Un autre type de cause apparaît, mais de façon singulièrement minoritaire, dans les réponses à notre enquête : c’est l’obéissance à l’ordre du Christ de prier le maître de la moisson d’envoyer des ouvriers. Cette cause formelle n’est citée que quatre fois. On peut ajouter quatre autres fois l’expression du besoin d’ouvriers, qui est le signe que l’ordre du Seigneur est reçu explicitement, même s’il n’est pas présenté comme un ordre formel, mais comme motivé par le désir. Cela montre d’ailleurs qu’il n’y a pas de contradiction entre la cause du premier type, évoquée d’ailleurs par Jésus lui-même "les ouvriers sont peu nombreux", et la cause formelle "priez donc". Sur ce point, on peut dire que les personnes qui ont répondu à l’enquête sont assez profondément évangélisées car elles vivent de l’intérieur le "donc" de l’Evangile. Elles ressentent le besoin de prêtres, religieux, religieuses, d’ouvriers et c’est pour elles un motif de prier. D’autres auraient pu se creuser la tête à chercher des solutions... Bref, cela leur semble évident, il faut prier. Bien que cela ne soit pas souvent explicite, cela traduit une conviction de foi : c’est Dieu qui donne à l’Eglise ses prêtres, il envoie Lui-même les ouvriers.

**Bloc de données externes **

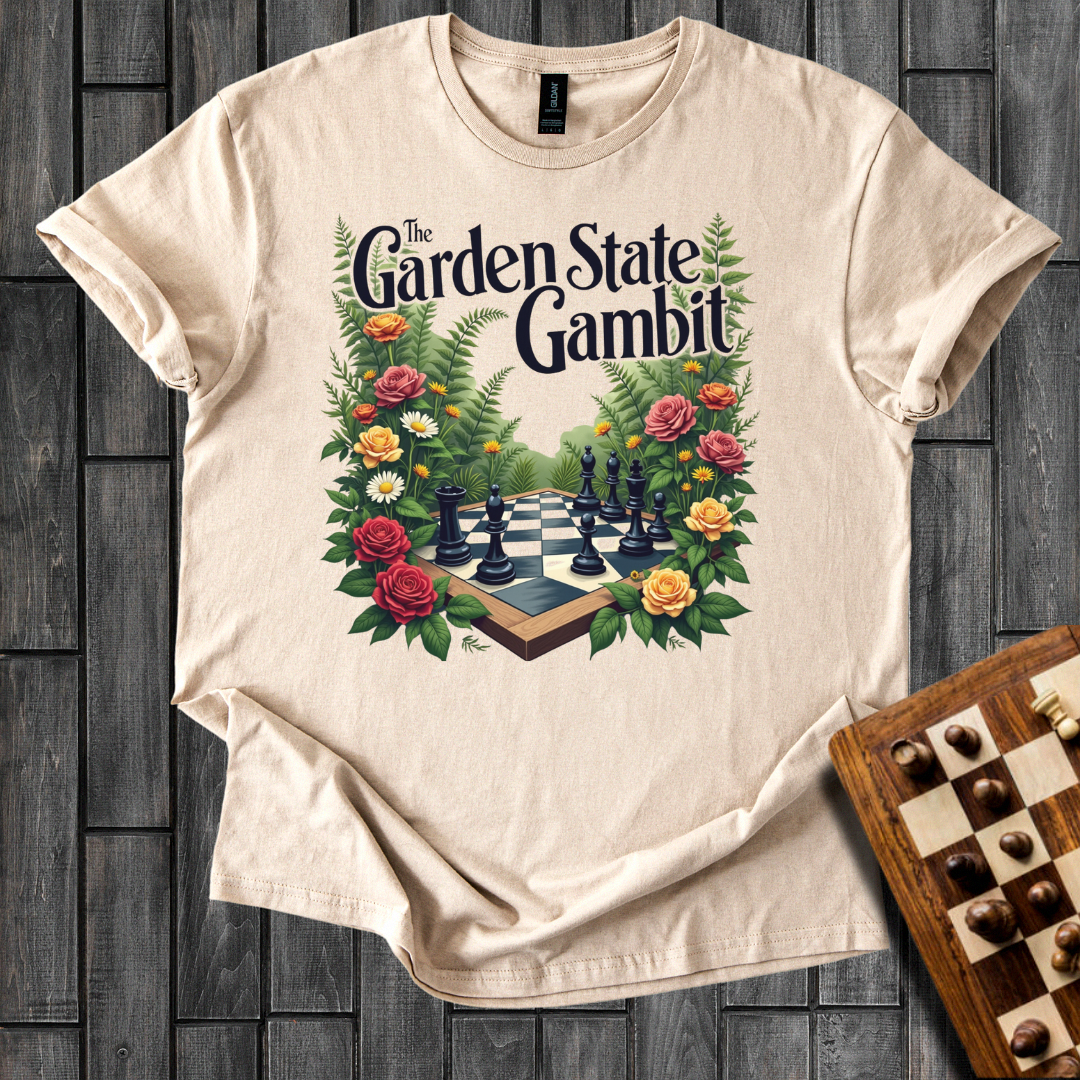 The Garden State Gambit Chess T-Shirt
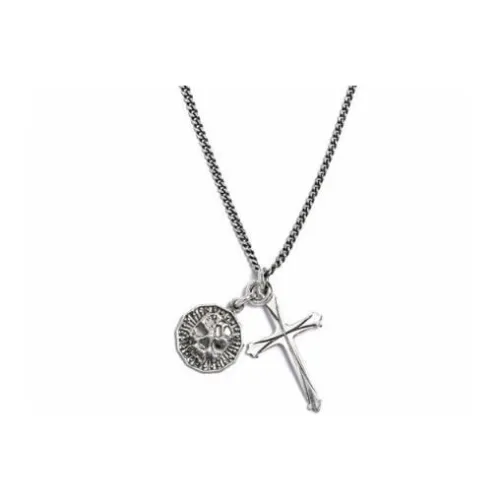 EMANUELE BICOCCHI Брасс Ожерелья Мужской Серебряный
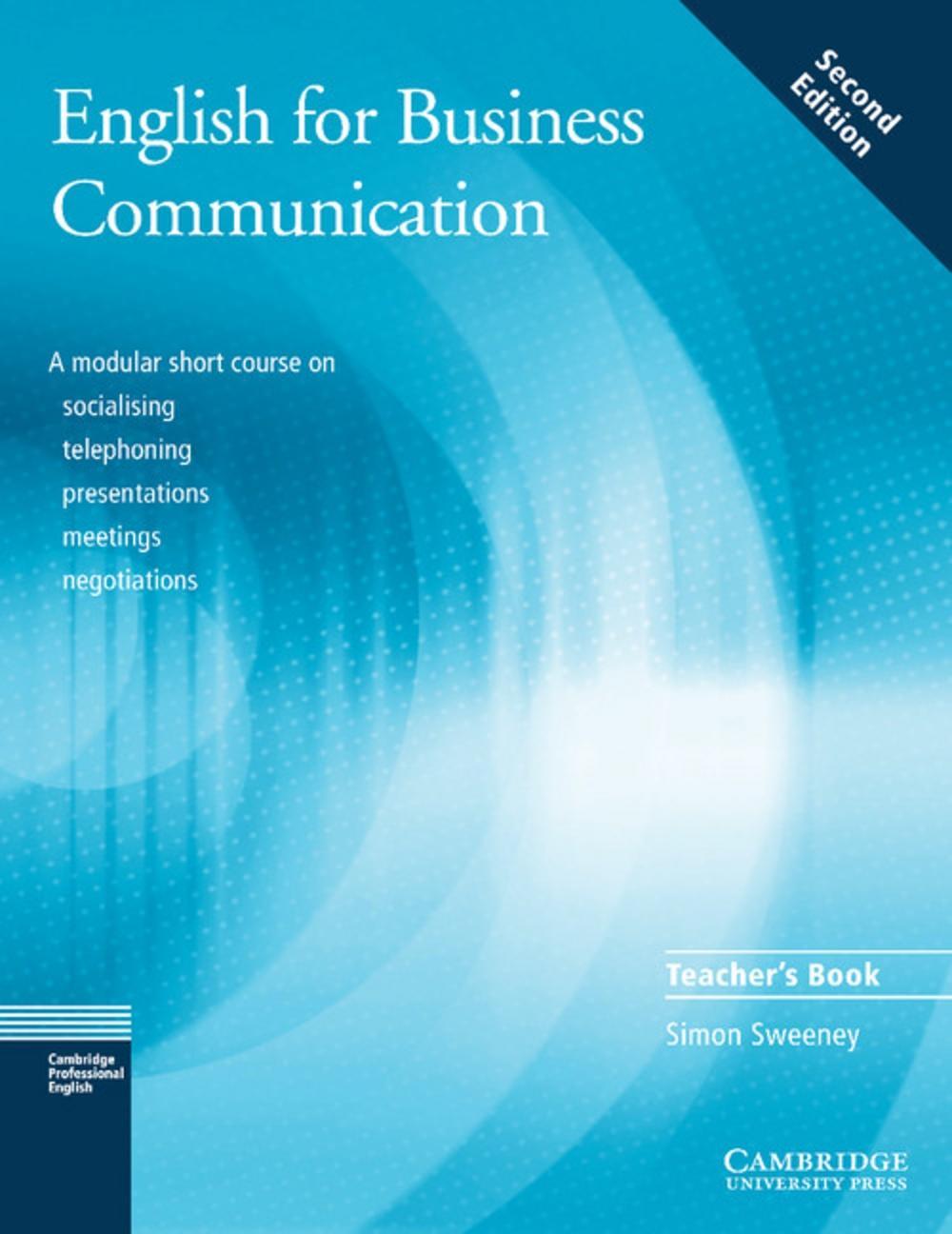 Cover: 9783125391369 | English for Business Communication B1-B2, 2nd edition | Simon Sweeney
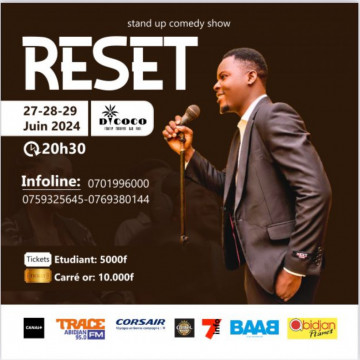 Stand UP Comedy Show : Reset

Cela dit, s’il est compréhensible, du fait de la relative nouveauté du déploiement de ces ministères dans l’Eglise, que le manque de catéchistes, de diacres, d’agents pastoraux laïcs ne soit pas perçu comme un besoin existentiel, on aurait pu penser que les multiples insistances de la prédication actuelle dans le domaine de l’engagement des laïcs et du développement de leur mission dans le monde provoqueraient, au moins de manière formelle, l’expression d’un motif de prier. Celui-ci apparaît, mais de manière très faible et rare. Ainsi, telle personne prie "pour que Dieu envoie une personne compétente sur le chemin des jeunes". Et encore cela sous-entend peut-être uniquement que la "personne compétente" désirée saura orienter les jeunes en question vers le sacerdoce ou la vie religieuse, mais non pas principalement vers la sainteté... La prière de beaucoup se présente un peu comme si on attendait les prêtres de Dieu (parfois comme des extra-terrestres qui arriveraient du ciel, mais souvent, tout de même, de façon plus équilibrée) alors que pour les laïcs engagés, on ne compte que sur des techniques humaines d’embauche. Il est vrai que le contexte de la péricope "priez donc le Maître de la Moisson d’envoyer des ouvriers" induit une interprétation restrictive : elle survient après le constat que les foules étaient comme des brebis sans pasteur, et précède juste l’envoi en mission des Apôtres (Mt 9,35-10,15). Il est clair, dans l’Evangile, que le manque d’ouvriers dont parle Jésus est le manque de pasteurs, donc, pour nous, de prêtres. Pourtant l’ordre de Jésus "priez donc le Maître de la moisson d’envoyer des ouvriers" peut être compris de manière large. En effet, l’Eglise ne peut pas vivre en auto-stimulation. Toute son action pastorale est initiée et nourrie par le don de l’Esprit-Saint. La consigne de prière pour que le Père envoie des ouvriers est donc tout aussi cohérente lorsqu’on s’interroge sur le besoin d’autres ministères que celui de prêtre ou d’évêque dans l’Eglise. Les charismes au service de l’évangélisation sont des dons à recevoir du Père. Peut-être n’a-t-on pas encore acquis suffisamment ce réflexe de la prière, qui est pourtant celui des Apôtres lors de l’institution des sept diacres...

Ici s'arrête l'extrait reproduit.